* **Task details**: Below are records; reproduce exactly the lines from the one that has "LAGUNAMOON(ラグナ" through the one that has "4th & Reckless", ends included, and nothing more.

* **Records for this task**:
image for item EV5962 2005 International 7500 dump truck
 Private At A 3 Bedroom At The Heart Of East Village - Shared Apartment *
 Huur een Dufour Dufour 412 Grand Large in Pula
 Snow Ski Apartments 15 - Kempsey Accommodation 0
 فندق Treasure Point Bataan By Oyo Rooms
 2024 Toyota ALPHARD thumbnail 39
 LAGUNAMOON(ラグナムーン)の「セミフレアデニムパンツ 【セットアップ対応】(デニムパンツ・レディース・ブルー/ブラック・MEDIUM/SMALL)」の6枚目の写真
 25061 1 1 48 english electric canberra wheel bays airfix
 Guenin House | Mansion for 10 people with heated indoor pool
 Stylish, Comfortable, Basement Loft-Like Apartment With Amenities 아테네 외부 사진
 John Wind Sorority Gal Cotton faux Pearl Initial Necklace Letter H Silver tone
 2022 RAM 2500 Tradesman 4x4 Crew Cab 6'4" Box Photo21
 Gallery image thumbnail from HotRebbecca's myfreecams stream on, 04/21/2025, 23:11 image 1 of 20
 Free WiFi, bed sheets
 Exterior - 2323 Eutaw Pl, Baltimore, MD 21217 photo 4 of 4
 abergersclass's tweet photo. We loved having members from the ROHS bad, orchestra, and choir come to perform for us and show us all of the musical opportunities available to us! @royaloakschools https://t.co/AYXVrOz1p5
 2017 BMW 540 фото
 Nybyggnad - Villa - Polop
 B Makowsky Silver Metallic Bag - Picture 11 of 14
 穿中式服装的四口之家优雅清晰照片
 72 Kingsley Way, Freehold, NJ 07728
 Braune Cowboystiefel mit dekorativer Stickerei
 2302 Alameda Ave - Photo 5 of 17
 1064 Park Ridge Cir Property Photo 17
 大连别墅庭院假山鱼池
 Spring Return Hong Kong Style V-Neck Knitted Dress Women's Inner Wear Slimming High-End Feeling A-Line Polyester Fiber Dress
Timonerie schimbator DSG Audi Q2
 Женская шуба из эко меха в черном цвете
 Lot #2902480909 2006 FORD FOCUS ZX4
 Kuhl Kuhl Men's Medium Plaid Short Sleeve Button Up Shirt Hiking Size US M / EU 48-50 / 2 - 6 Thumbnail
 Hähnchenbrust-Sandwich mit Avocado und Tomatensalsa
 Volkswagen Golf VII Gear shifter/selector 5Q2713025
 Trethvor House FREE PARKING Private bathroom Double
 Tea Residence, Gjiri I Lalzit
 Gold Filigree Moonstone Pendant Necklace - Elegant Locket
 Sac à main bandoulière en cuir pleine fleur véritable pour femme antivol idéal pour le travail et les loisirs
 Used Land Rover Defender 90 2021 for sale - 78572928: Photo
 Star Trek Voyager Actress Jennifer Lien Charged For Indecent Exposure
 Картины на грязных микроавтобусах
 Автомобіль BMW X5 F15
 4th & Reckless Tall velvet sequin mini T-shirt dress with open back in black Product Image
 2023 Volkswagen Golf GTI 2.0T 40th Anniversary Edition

* **Solution below**:
 LAGUNAMOON(ラグナムーン)の「セミフレアデニムパンツ 【セットアップ対応】(デニムパンツ・レディース・ブルー/ブラック・MEDIUM/SMALL)」の6枚目の写真
 25061 1 1 48 english electric canberra wheel bays airfix
 Guenin House | Mansion for 10 people with heated indoor pool
 Stylish, Comfortable, Basement Loft-Like Apartment With Amenities 아테네 외부 사진
 John Wind Sorority Gal Cotton faux Pearl Initial Necklace Letter H Silver tone
 2022 RAM 2500 Tradesman 4x4 Crew Cab 6'4" Box Photo21
 Gallery image thumbnail from HotRebbecca's myfreecams stream on, 04/21/2025, 23:11 image 1 of 20
 Free WiFi, bed sheets
 Exterior - 2323 Eutaw Pl, Baltimore, MD 21217 photo 4 of 4
 abergersclass's tweet photo. We loved having members from the ROHS bad, orchestra, and choir come to perform for us and show us all of the musical opportunities available to us! @royaloakschools https://t.co/AYXVrOz1p5
 2017 BMW 540 фото
 Nybyggnad - Villa - Polop
 B Makowsky Silver Metallic Bag - Picture 11 of 14
 穿中式服装的四口之家优雅清晰照片
 72 Kingsley Way, Freehold, NJ 07728
 Braune Cowboystiefel mit dekorativer Stickerei
 2302 Alameda Ave - Photo 5 of 17
 1064 Park Ridge Cir Property Photo 17
 大连别墅庭院假山鱼池
 Spring Return Hong Kong Style V-Neck Knitted Dress Women's Inner Wear Slimming High-End Feeling A-Line Polyester Fiber Dress
Timonerie schimbator DSG Audi Q2
 Женская шуба из эко меха в черном цвете
 Lot #2902480909 2006 FORD FOCUS ZX4
 Kuhl Kuhl Men's Medium Plaid Short Sleeve Button Up Shirt Hiking Size US M / EU 48-50 / 2 - 6 Thumbnail
 Hähnchenbrust-Sandwich mit Avocado und Tomatensalsa
 Volkswagen Golf VII Gear shifter/selector 5Q2713025
 Trethvor House FREE PARKING Private bathroom Double
 Tea Residence, Gjiri I Lalzit
 Gold Filigree Moonstone Pendant Necklace - Elegant Locket
 Sac à main bandoulière en cuir pleine fleur véritable pour femme antivol idéal pour le travail et les loisirs
 Used Land Rover Defender 90 2021 for sale - 78572928: Photo
 Star Trek Voyager Actress Jennifer Lien Charged For Indecent Exposure
 Картины на грязных микроавтобусах
 Автомобіль BMW X5 F15
 4th & Reckless Tall velvet sequin mini T-shirt dress with open back in black Product Image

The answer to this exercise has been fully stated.